IMPERATOR CAESAR MARCVS RUBIVS PADISHAH CAUDILLO LIBERATOR INVICTVS AVGVSTVS PONTIFEX MAXIMVS PERSICVS MAXIMVS VENETIOLICVS MAXIMVS CVBICVS MAXIMVS GROENLANDICVS MAXIMVS RESTITVTOR PAX AMERICANA
https://preview.redd.it/nrhzymmx3bgg1.jpeg?width=800&format=pjpg&auto=webp&s=cab35b966dabad1e059c132961dd3063cc869ab7
I grew up hearing in high school and college about the “US wants South America to be a colony” rhetoric. The discussion around the FTAA echoed as far as the 2010 general elections and probably would have echoed further if not for the explosion in growth during the Lula terms (and the subsequent corruption scandals that derailed the 2010s national politics scenario entirely). It was always mildly funny, a bit dishonest intellectually and led to amused “sure, the CIA is to blame for everything” jokes.
Now?
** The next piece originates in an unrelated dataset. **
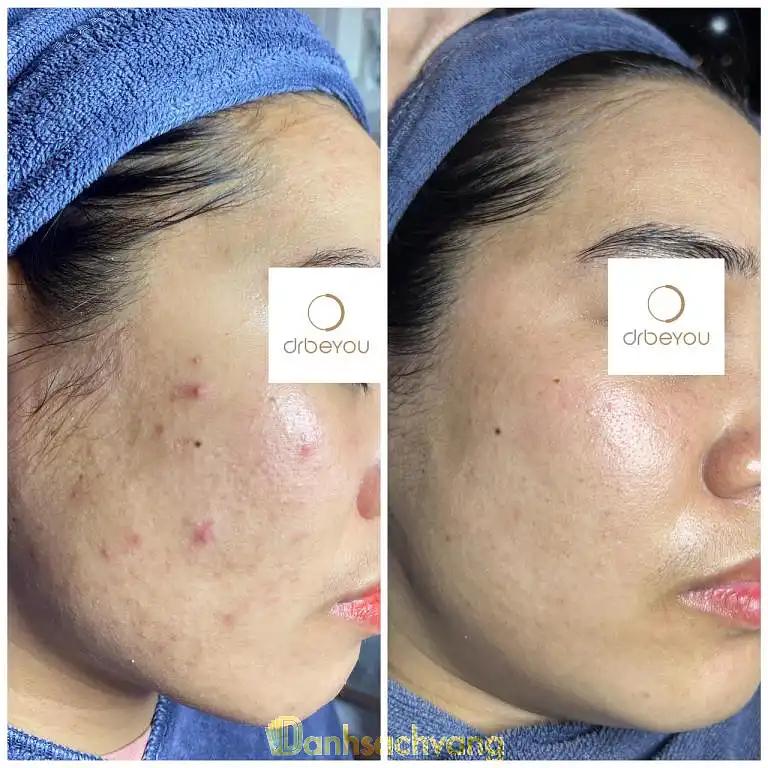 Hình ảnh quin-skin-le-van-luong-5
This is a colonial state. A sovereign state needs to have their financial budget approved by another state. They have restrictions on commerce. They have an armada hanging over their heads plus the not-veiled-at-all threat that any administrator can be removed in a whim. This is a colony in almost every possible meaning.
The timeline we are in is extremely weird, indeed.
Oh sweet a new colony
Sometimes I wonder if the treaty clause wasn’t erased while I wasn’t looking.